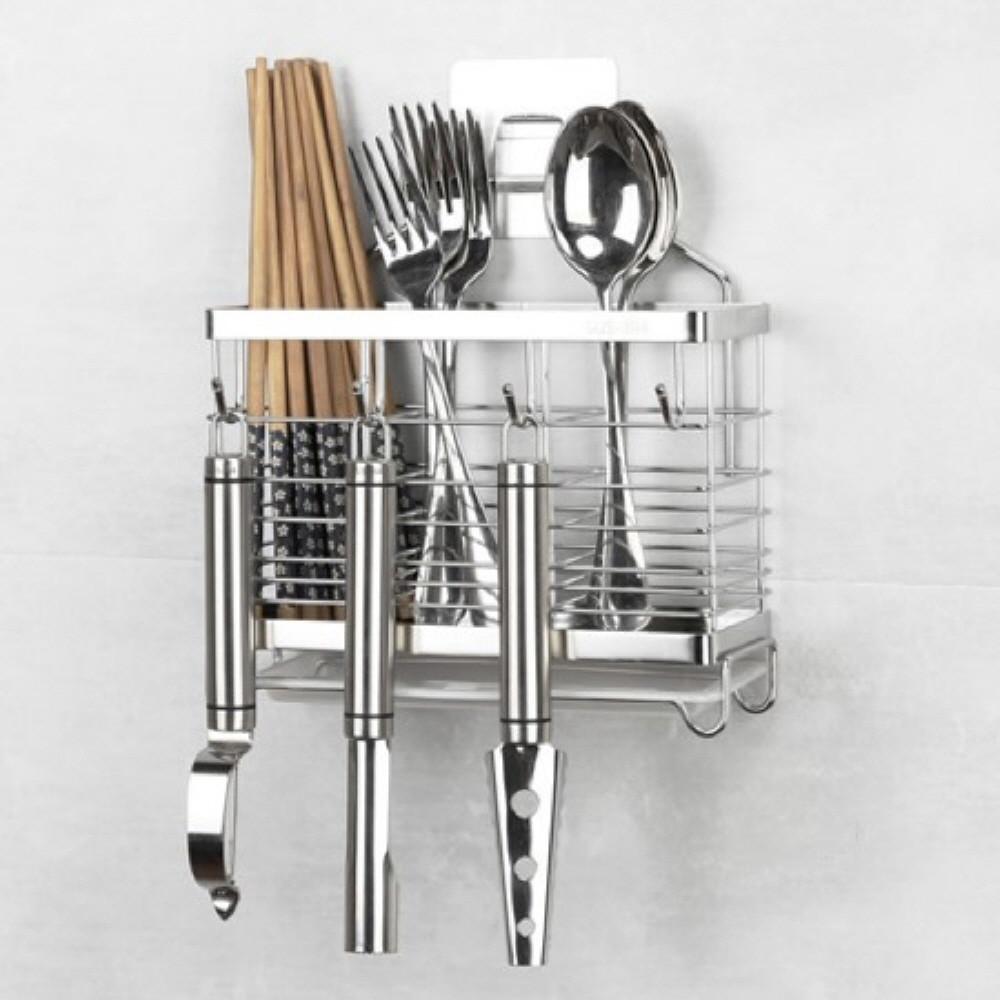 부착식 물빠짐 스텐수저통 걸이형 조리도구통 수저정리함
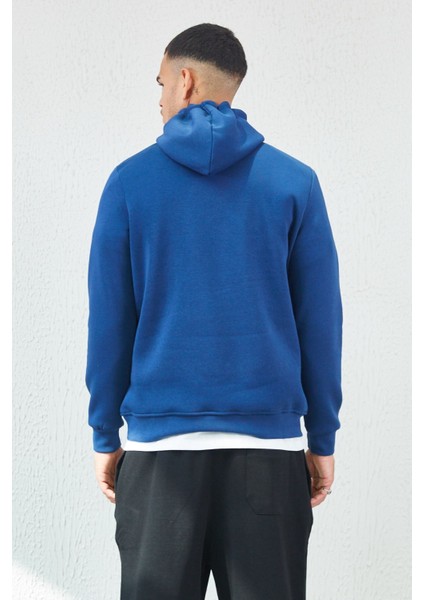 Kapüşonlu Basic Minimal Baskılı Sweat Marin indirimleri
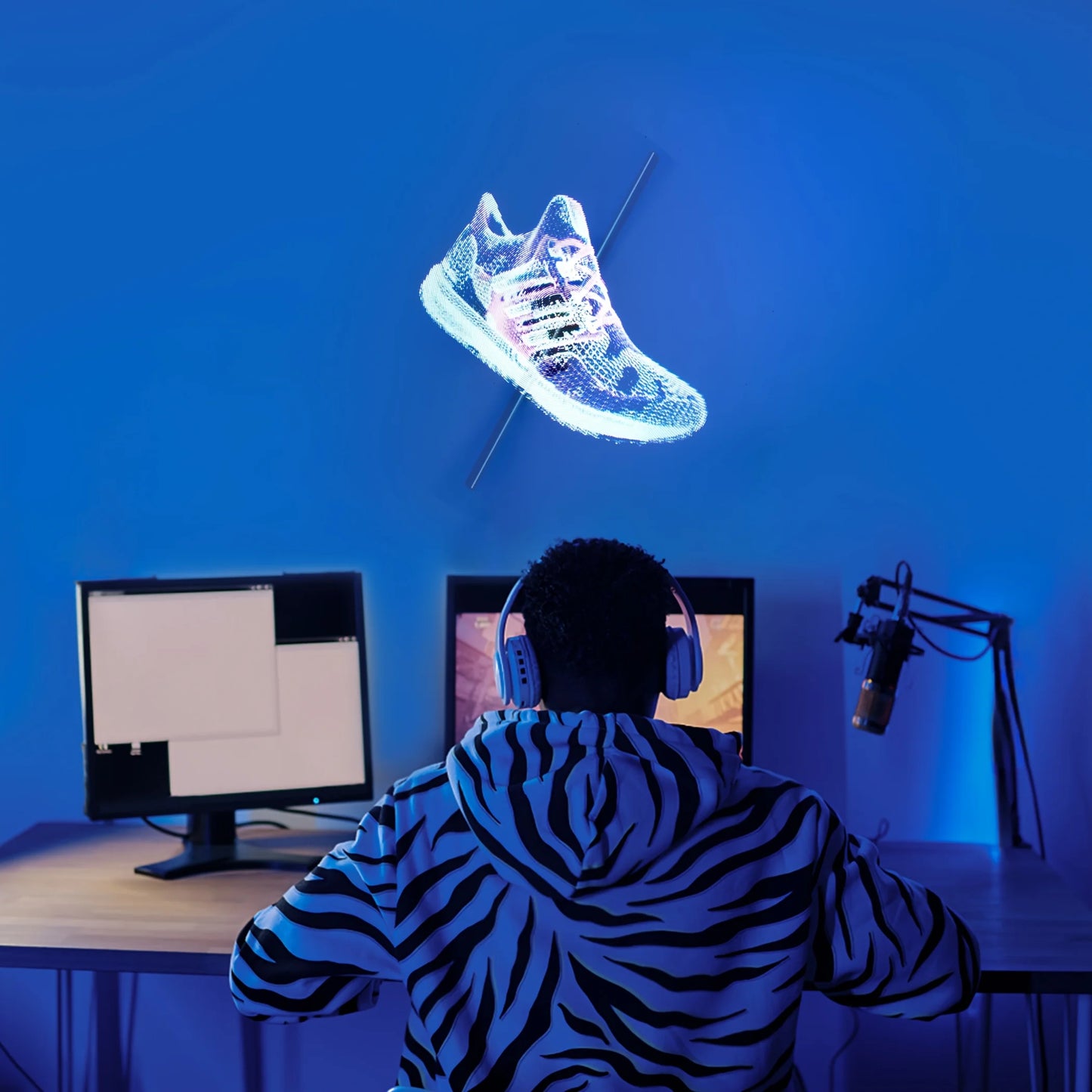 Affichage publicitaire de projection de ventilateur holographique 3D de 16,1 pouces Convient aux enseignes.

==

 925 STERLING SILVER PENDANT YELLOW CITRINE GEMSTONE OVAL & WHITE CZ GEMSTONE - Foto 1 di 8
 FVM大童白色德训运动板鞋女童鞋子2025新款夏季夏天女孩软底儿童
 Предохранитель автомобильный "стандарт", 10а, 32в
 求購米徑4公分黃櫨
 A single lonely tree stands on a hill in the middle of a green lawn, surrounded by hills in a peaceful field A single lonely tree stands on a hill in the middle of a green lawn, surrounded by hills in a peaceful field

...

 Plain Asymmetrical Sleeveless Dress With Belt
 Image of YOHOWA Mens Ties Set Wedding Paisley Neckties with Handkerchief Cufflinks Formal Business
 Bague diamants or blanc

_Task goal_: What you return must match, character for character, the lines above from the one with "부착식 물빠짐 스텐수저통 걸이형 조리도구통 수저정리함" through the one with "Affichage publicitaire de", minus any pictures.

_Result of this task_:
 부착식 물빠짐 스텐수저통 걸이형 조리도구통 수저정리함
 Kapüşonlu Basic Minimal Baskılı Sweat Marin indirimleri
 Affichage publicitaire de projection de ventilateur holographique 3D de 16,1 pouces Convient aux enseignes.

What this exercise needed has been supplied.